MESA, Ariz. — In an alternate universe, Dexter Fowler might be spending Thursday sitting courtside, watching his former basketball team play in the Big Dance
The Cubs centerfielder was recruited out of high school to play basketball at Harvard — where he would have teamed with Jeremy Lin —and a few other Ivy League schools.
He played both baseball and basketball at Milton High School in Alpharetta, Ga.By his senior year, he decided to focus solely on baseball, where he had starred as a travel-ball player. Before being drafted by the Rockies, he had agreed to play baseball at Miami.
“That,” he said, “was where my heart’s at.”
Joe Maddon wished more high schoolers were allowed to make that decision as late as Fowler. This week, the Cubs manager railed against the thought that kids have to pick one sport in middle school, and focus on nothing else.
“That’s why I hate the specialization with kids, when they’re playing on these travel squads when they’re like 12, 13, 14 years old, only dedicated to one thing,” he said. “Traveling all the time. Paying exorbitant amounts of money to play baseball with hopes they’re going to become a professional baseball player.
“I think that’s crazy.”
Maddon, who played catcher and freshman team quarterback at Lafayette College, said he’s partial to former football players. They’re more apt to remember plays, play hurt and work hard in practices.
Ironically, the Bears feel the same way about baseball players; when former GM Phil Emery evaluated prospects, he wanted former centerfielders — for the way they learned to anticipate and track a fly ball at a young age — as well as wrestlers.
“I love cross-pollination when it comes to athletes,” Maddon said. “You get guys that did not just play baseball, meaning they’ve been around a different set of coaches and styles and ways to get in shape and thoughts. I love that.”
Up until the day he signed with the Cubs, Matt Szczur thought he’d play in the NFL. As a wide receiver, he was a consensus first-team Div. I-AA All-American who helped lead Villanova to the 2009 national title.
He received a $1.5 million bonus from the Cubs to walk away from football about a week before the 2011 Senior Bowl.
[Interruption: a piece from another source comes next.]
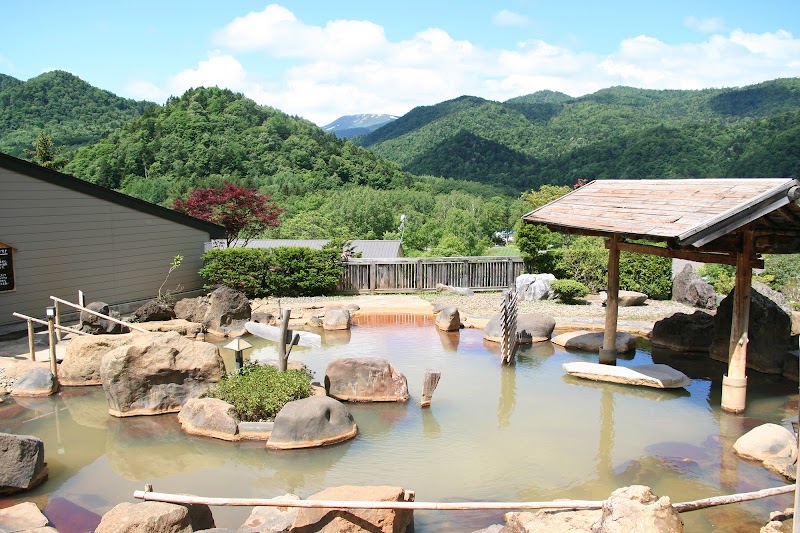 Toyohira Gorge Onsen Sapporo Minami Ward - Thermal Spa in Sapporo Minami Ward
“I feel like, financially, I would have been able to get the same for football,” said Szczur, who made his big-league debut last season. “But I knew if I was going to play baseball, I’d be healthy longer.”
Szczur, who also ran track, said he was never, until that day in January, pressured to pick a sport. Every once in a while, he wonders how he’d play now had he specialized as a kid.
“But I’ve accomplished a lot of things and I would never take it back,” he said. “I have no regrets.”
If anything, the aggressiveness of football still helps him today. That was evident Tuesday when he beat out a bunt single and then stealing second with a head-first slide. Later, he crashed into the left-field wall while barely missing a spectacular catch.
In a sport that can be stagnant, Szczur said, he always has to be doing something.
“I feel like my mentality for football comes to baseball,” he said. “Every play, I have to play as hard as I can.”
At Maddon’s “Cubs University,” experience matters — even if it comes from other sports.